Johnson on Thursday continued his invitation to New Yorkers and others living in “socialist” sanctuary cities, saying on social media, “If your city is (or is about to be) a sanctuary for criminals, mayhem, job-killing regulations, and failed socialist experiments, I have a modest invitation for you: MOVE TO DALLAS. You can call us the nation’s first official ‘Sanctuary City from Socialism.’”

“We value free enterprise, law and order, and our first responders. Common sense and the American Dream still reside here. We have all your big-city comforts and conveniences without the suffocating vice grip of government bureaucrats.”

As many Democratic-led cities joined a movement to defund their police departments, Johnson prioritized police funding and supporting law and order.

“Back in the 1800s, people moving to Texas for greater opportunities would etch ‘GTT’ for ‘Gone to Texas’ on their doors moving to the Mexican colony of Tejas,” Johnson continued, referring to Americans who moved to the Mexican colony of Tejas to acquire land grants from the Mexican government.

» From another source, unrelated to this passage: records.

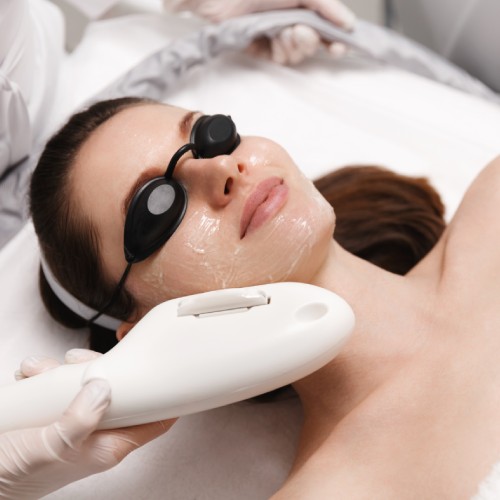 Photofacial treatment in progress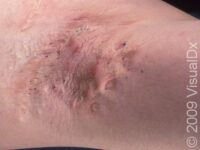 Hidradenitis Suppurativa – Adult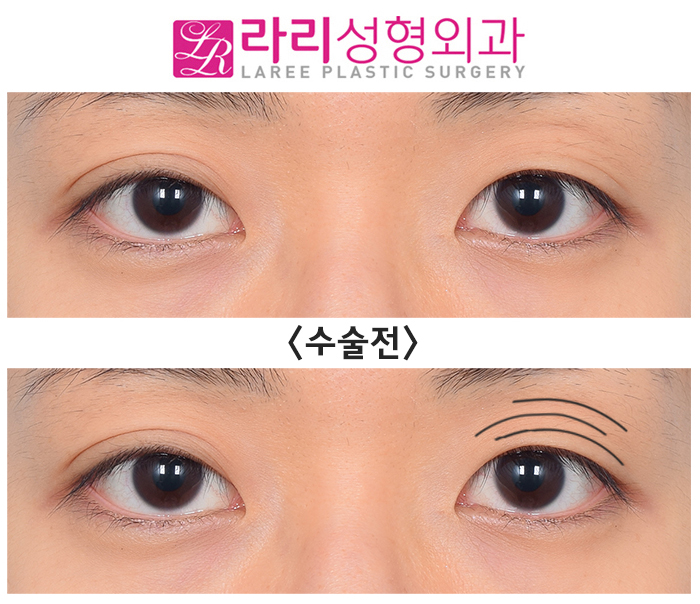 [라리성형외과] 겹주름 쌍꺼풀을 잘 없애려면 피할 수 없는 상안검외반, 좋아질 수 있어요. 관련 이미지 5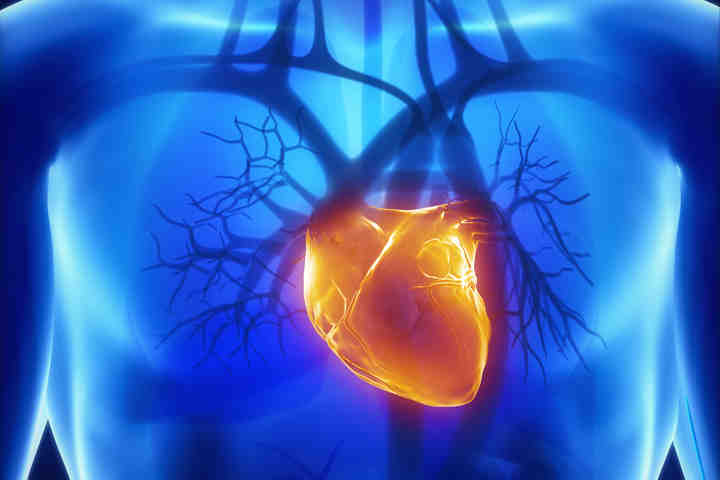 Infarto del miocardio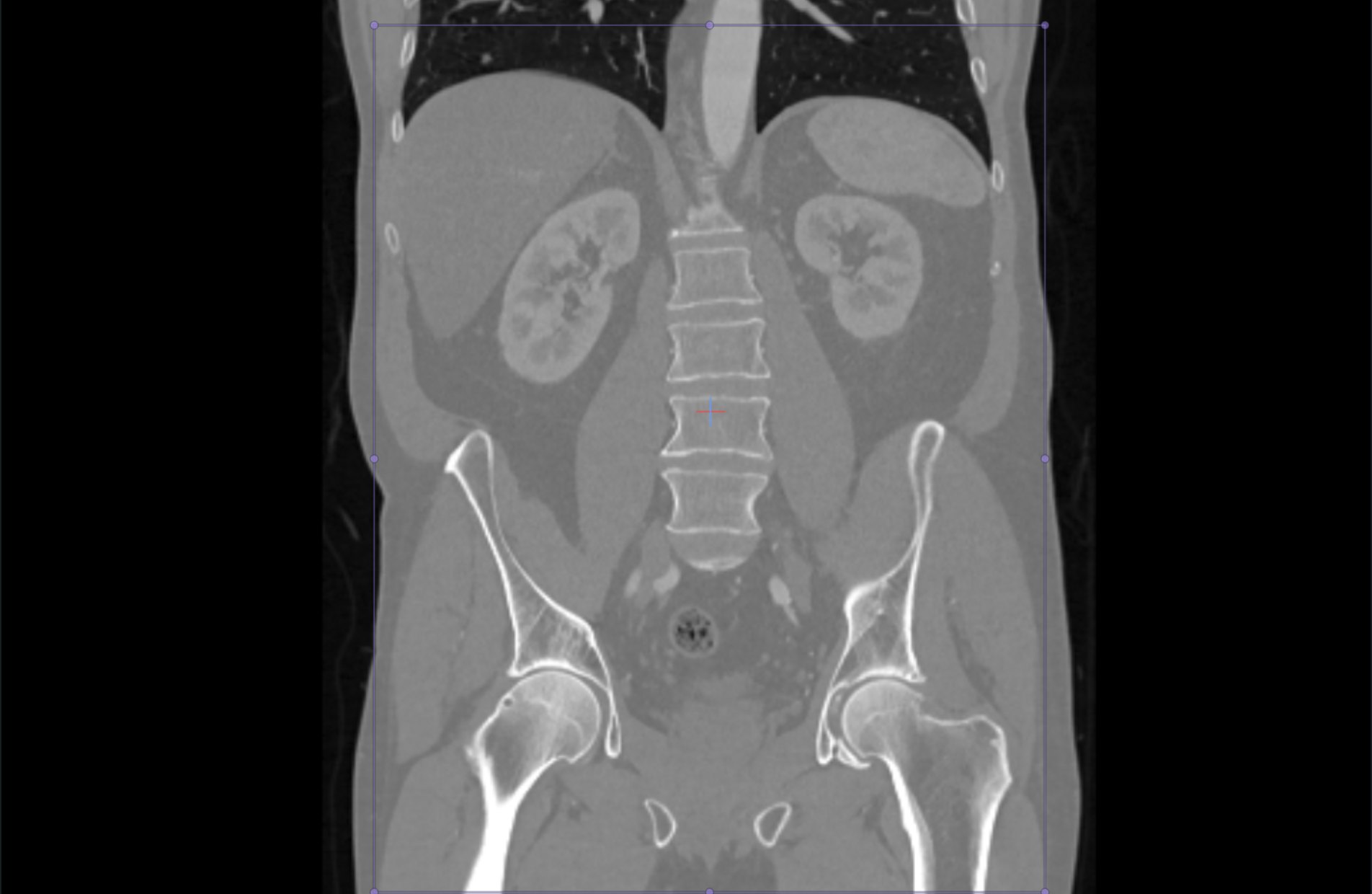 De-identified CT, coronal view of the lumbar spine, pelvis and hips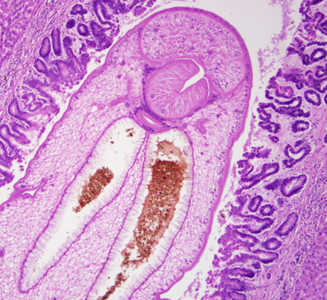 May - 2011 - Case #299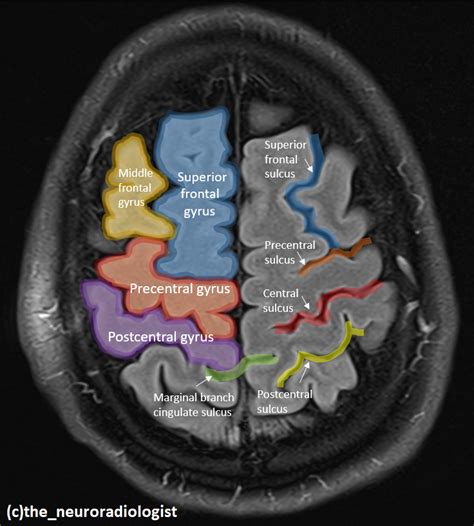 Mri Paracentral Lobule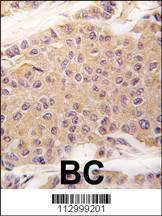 Anti-TGF Beta 2 (C-term) Antibody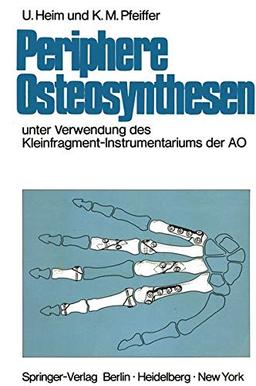 Periphere Osteosynthesen: Unter Verwendung des Kleinfragment-Instrumentariums der AO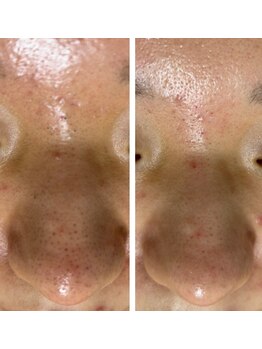 ハナ トータル ケア(Hana Total Care)/ダイヤモンドビリング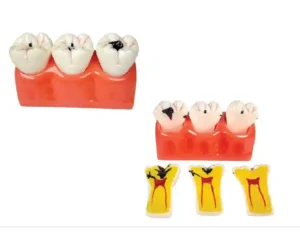 Dental Caries Model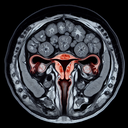 МРТ матки шийки матки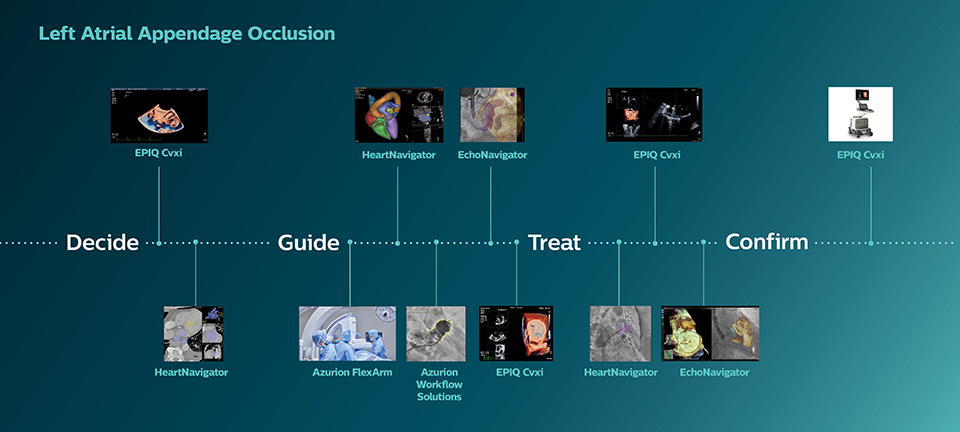 左心耳閉鎖術 image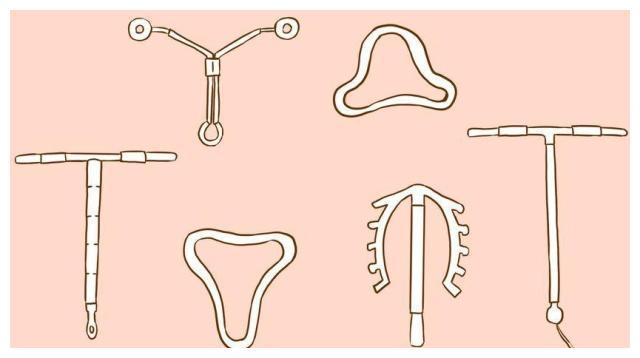 节育环的避孕原理是通过子宫腔内刺激以及化学物质的干扰,从而影响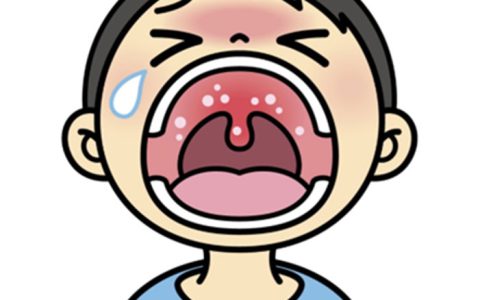 一度は経験したことのある口内炎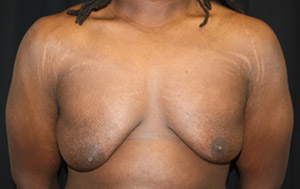 Gynecomastia Before & After Patient #23339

“If you’re a New Yorker heading to Dallas, maybe try ‘GTD’ to let fellow lovers of law and order know where you’ve gone,” Johnson said.

Modern-day GTT movers, including a large number of New Yorkers, cite high personal income taxes, high property taxes, high costs of living, high crime, and other factors as their reasons for leaving their states and moving to Texas, according to multiple reports over the last few years.

In response to Johnson’s invitation, Gov. Greg Abbott said, “Dallas is the first self-declared “Sanctuary City from Socialism. The State of Texas will provide whatever support is needed to fulfill that mission.”

The governor has already been doing this by signing pro-business bills into law and awarding Texas Enterprise Grants to businesses that relocate or expand operations in Texas, many of which are doing so in the Dallas area.

“Texas truly is the Best State for Business and stands as a model for the nation,” Abbott said. “Freedom is a magnet, and Texas offers entrepreneurs and hardworking Texans the freedom to succeed. When choosing where to relocate or expand their businesses, more innovative industry leaders recognize the competitive advantages found only in Texas. The nation’s leading CEOs continually cite our pro-growth economic policies – with no corporate income tax and no personal income tax – along with our young, skilled, diverse, and growing workforce, easy access to global markets, robust infrastructure, and predictable business-friendly regulations.”